Triste cuando a esa gente que uno admiraba por mucho o por algo, y que querría seguir admirando (o sigue admirando por lo que fue o hizo, o por alguna cosa que por ahí todavía hace), uno la ve empeñada en volverse su propia caricatura. Triste es cuando uno a alguna de esas personas le está agradecido, porque aprendió mucho de ella o por algún otro motivo, personal o no, y no quiere olvidarlo, pero tampoco puede dejar de mirar el presente así como viene, siniestro o ridículo. “Obedecen a leyes objetivas”, se dice uno y, por un momento, todo parece explicarse, pero después descubre uno que, si así fuera, algo más grande y más importante se derrumbó ante sus ojos.
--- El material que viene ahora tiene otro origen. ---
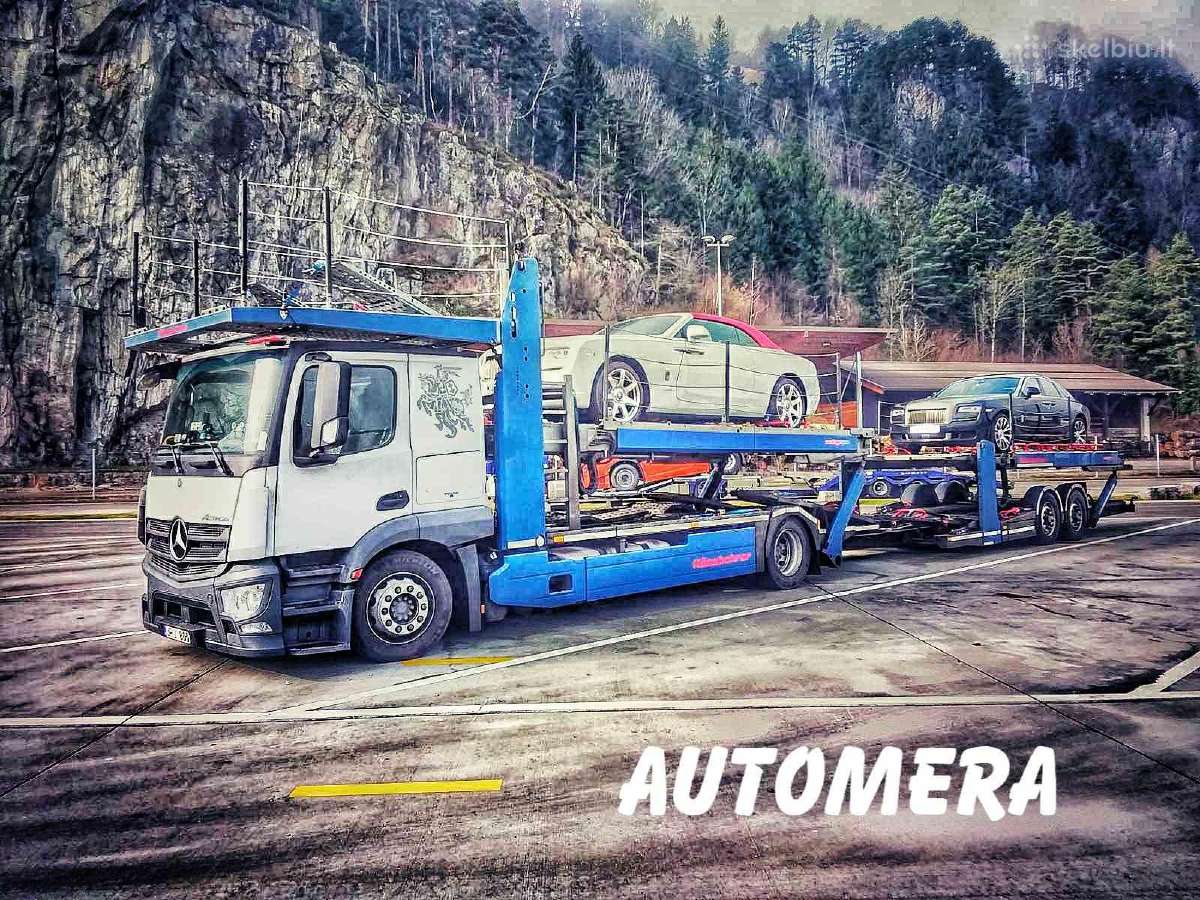 Ieškomi autovežio vairuotojai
Y no es consuelo pensar que, porque pudo advertirlo a tiempo o por casualidad o inepcia, uno esquivó la rodada: ya va a caer en otras, ya cayó en otras, por un lado, y, por el otro, la autoestima es una golosina envenenada y breve cuando lo que queda enfrente es, vasta, a modo de pared de fondo, la ratificación de una condena básica, “leyes objetivas”, una fatalidad sin coartada. “Mejor que ya no haya coartada, ¿no?” Eso que pega y hace sacudirse el vidrio, como si fuera el ruido del tránsito, es, terca, material, arrojada a su propio movimiento, la realidad.